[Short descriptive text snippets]
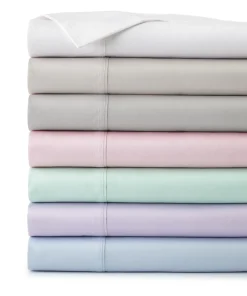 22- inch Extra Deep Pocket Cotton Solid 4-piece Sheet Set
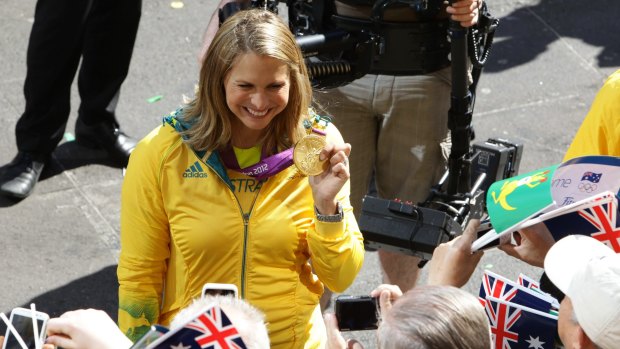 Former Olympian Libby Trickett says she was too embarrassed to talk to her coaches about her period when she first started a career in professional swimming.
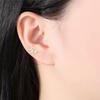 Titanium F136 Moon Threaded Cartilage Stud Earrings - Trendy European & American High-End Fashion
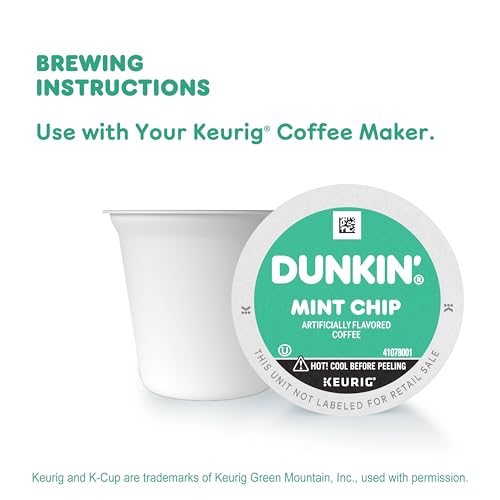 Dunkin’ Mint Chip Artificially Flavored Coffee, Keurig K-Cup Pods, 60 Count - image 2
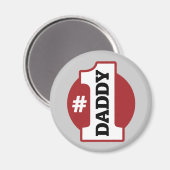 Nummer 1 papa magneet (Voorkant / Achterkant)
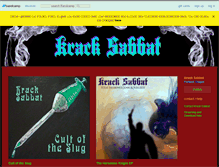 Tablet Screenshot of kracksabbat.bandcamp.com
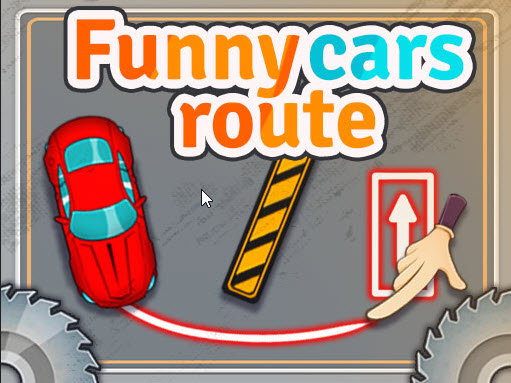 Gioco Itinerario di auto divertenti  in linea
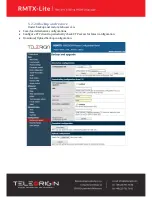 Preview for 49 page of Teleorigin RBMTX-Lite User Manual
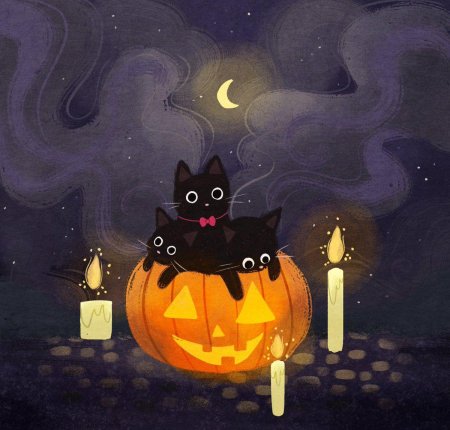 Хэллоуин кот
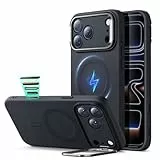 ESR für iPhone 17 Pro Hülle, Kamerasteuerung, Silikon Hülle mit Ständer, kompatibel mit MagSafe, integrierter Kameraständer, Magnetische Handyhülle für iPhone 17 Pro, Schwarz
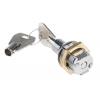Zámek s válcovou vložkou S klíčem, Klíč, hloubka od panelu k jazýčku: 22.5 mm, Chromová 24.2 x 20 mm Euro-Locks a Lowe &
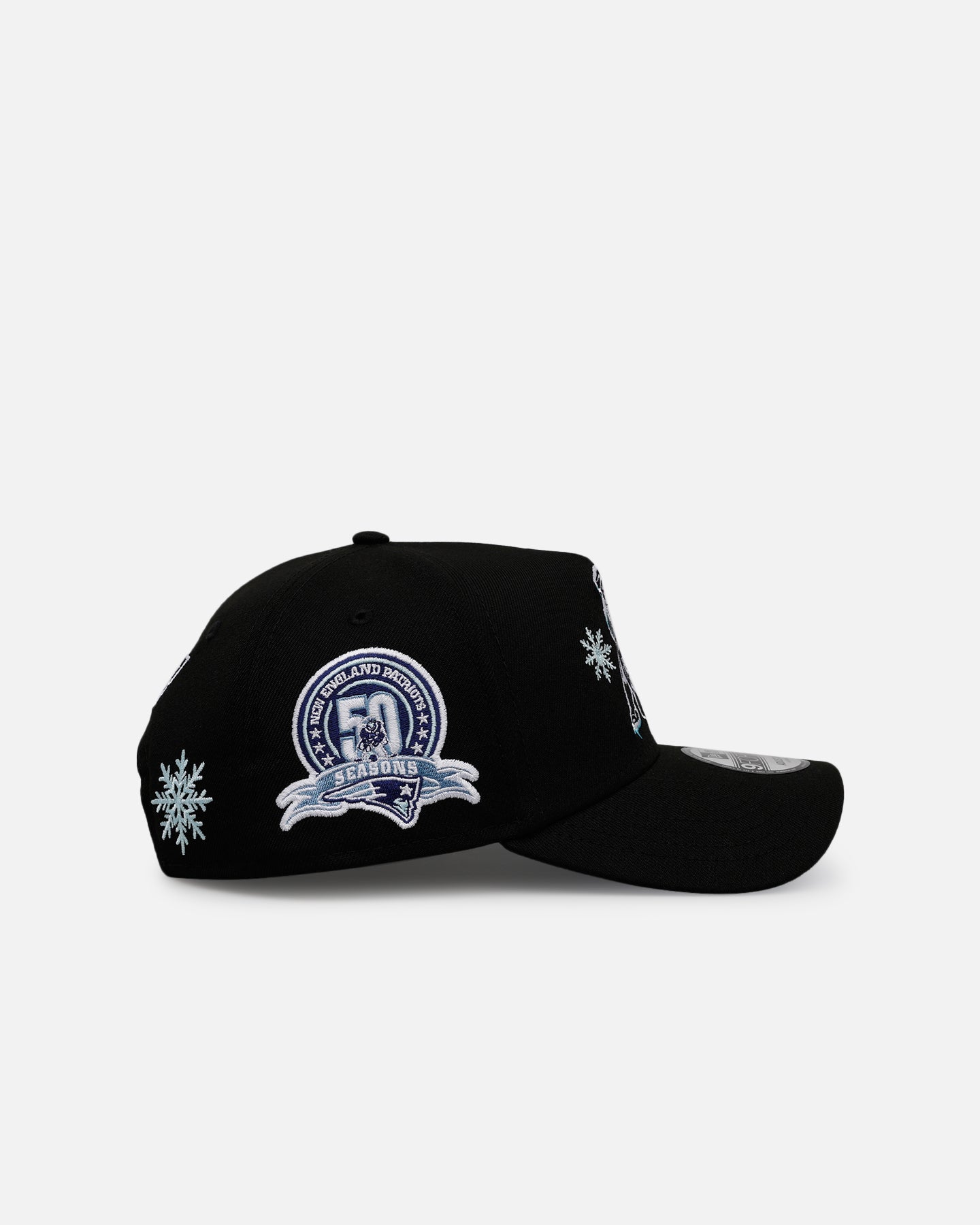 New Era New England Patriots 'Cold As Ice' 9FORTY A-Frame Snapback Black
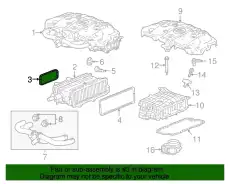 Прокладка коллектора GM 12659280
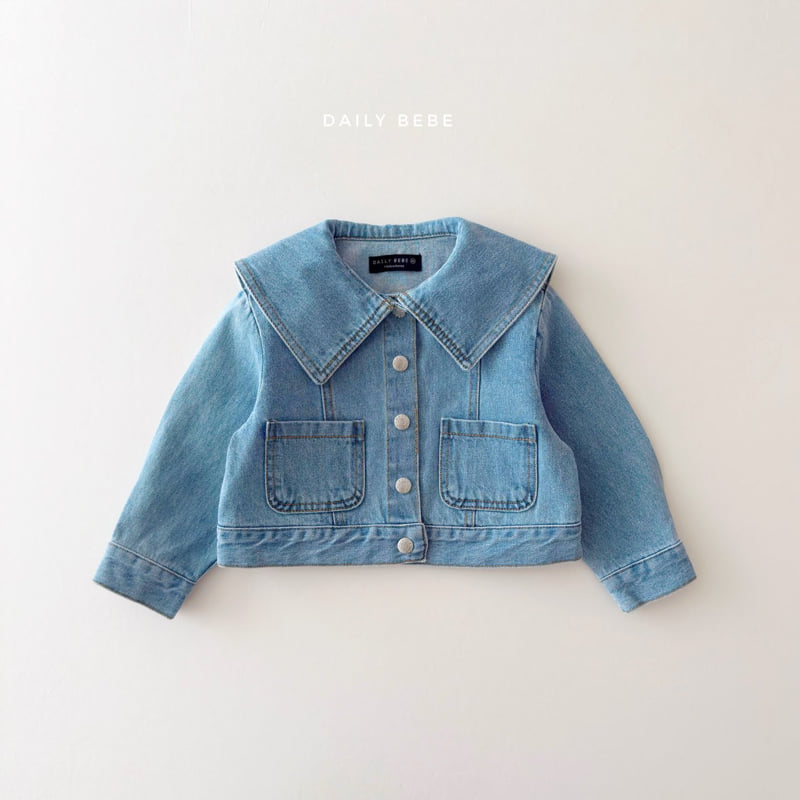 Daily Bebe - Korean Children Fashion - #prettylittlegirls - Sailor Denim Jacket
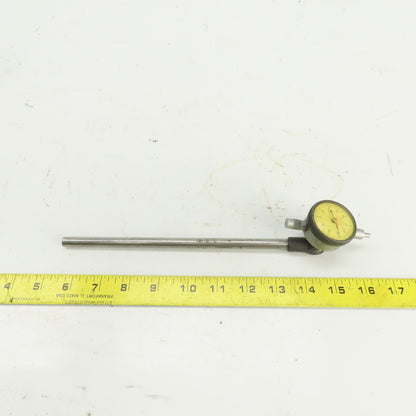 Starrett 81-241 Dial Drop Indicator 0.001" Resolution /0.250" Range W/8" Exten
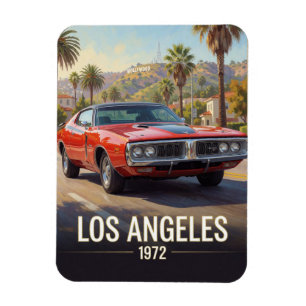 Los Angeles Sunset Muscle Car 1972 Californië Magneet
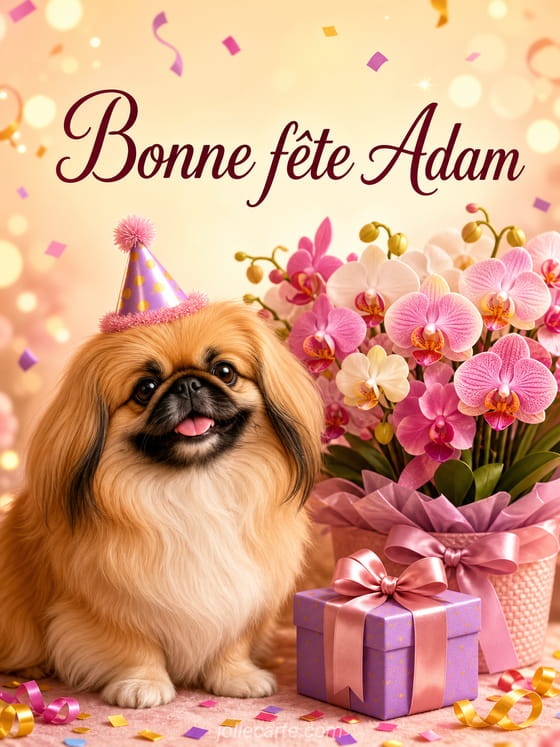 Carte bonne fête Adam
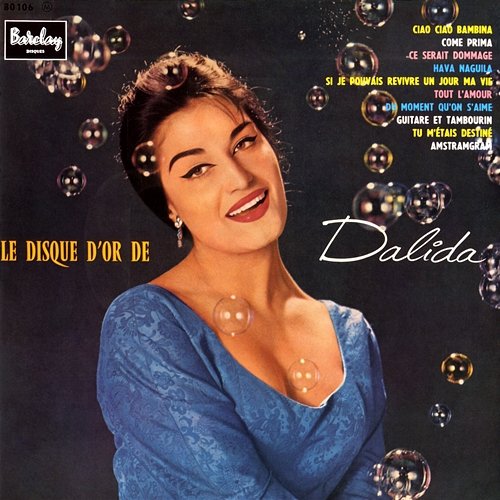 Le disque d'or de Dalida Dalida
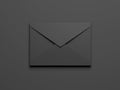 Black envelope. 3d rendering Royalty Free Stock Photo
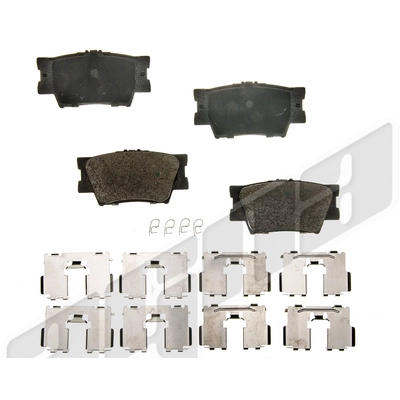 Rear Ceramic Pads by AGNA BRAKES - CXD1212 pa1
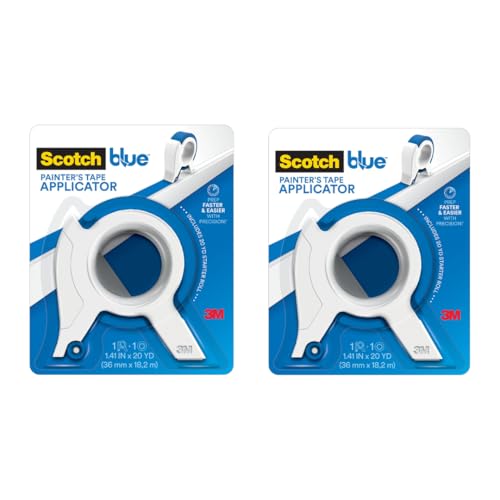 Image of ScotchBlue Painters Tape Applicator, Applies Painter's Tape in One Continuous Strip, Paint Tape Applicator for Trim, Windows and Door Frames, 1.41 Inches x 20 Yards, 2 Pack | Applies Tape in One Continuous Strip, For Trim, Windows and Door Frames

> EXERCISE
Copy exactly what appears in the entries, beginning with the first line and ending with the line that has "Rear Ceramic Pads", but not the pictures.

> EXERCISE RESULT
 22- inch Extra Deep Pocket Cotton Solid 4-piece Sheet Set
 Former Olympian Libby Trickett says she was too embarrassed to talk to her coaches about her period when she first started a career in professional swimming.
 Titanium F136 Moon Threaded Cartilage Stud Earrings - Trendy European & American High-End Fashion
 Dunkin’ Mint Chip Artificially Flavored Coffee, Keurig K-Cup Pods, 60 Count - image 2
 Nummer 1 papa magneet (Voorkant / Achterkant)
 Tablet Screenshot of kracksabbat.bandcamp.com
 Gioco Itinerario di auto divertenti  in linea
 Preview for 49 page of Teleorigin RBMTX-Lite User Manual
 Хэллоуин кот
 ESR für iPhone 17 Pro Hülle, Kamerasteuerung, Silikon Hülle mit Ständer, kompatibel mit MagSafe, integrierter Kameraständer, Magnetische Handyhülle für iPhone 17 Pro, Schwarz
Zámek s válcovou vložkou S klíčem, Klíč, hloubka od panelu k jazýčku: 22.5 mm, Chromová 24.2 x 20 mm Euro-Locks a Lowe &
 New Era New England Patriots 'Cold As Ice' 9FORTY A-Frame Snapback Black
 Прокладка коллектора GM 12659280
 Daily Bebe - Korean Children Fashion - #prettylittlegirls - Sailor Denim Jacket
 Starrett 81-241 Dial Drop Indicator 0.001" Resolution /0.250" Range W/8" Exten
 Los Angeles Sunset Muscle Car 1972 Californië Magneet
 Carte bonne fête Adam
 Le disque d'or de Dalida Dalida
 Black envelope. 3d rendering Royalty Free Stock Photo
 Rear Ceramic Pads by AGNA BRAKES - CXD1212 pa1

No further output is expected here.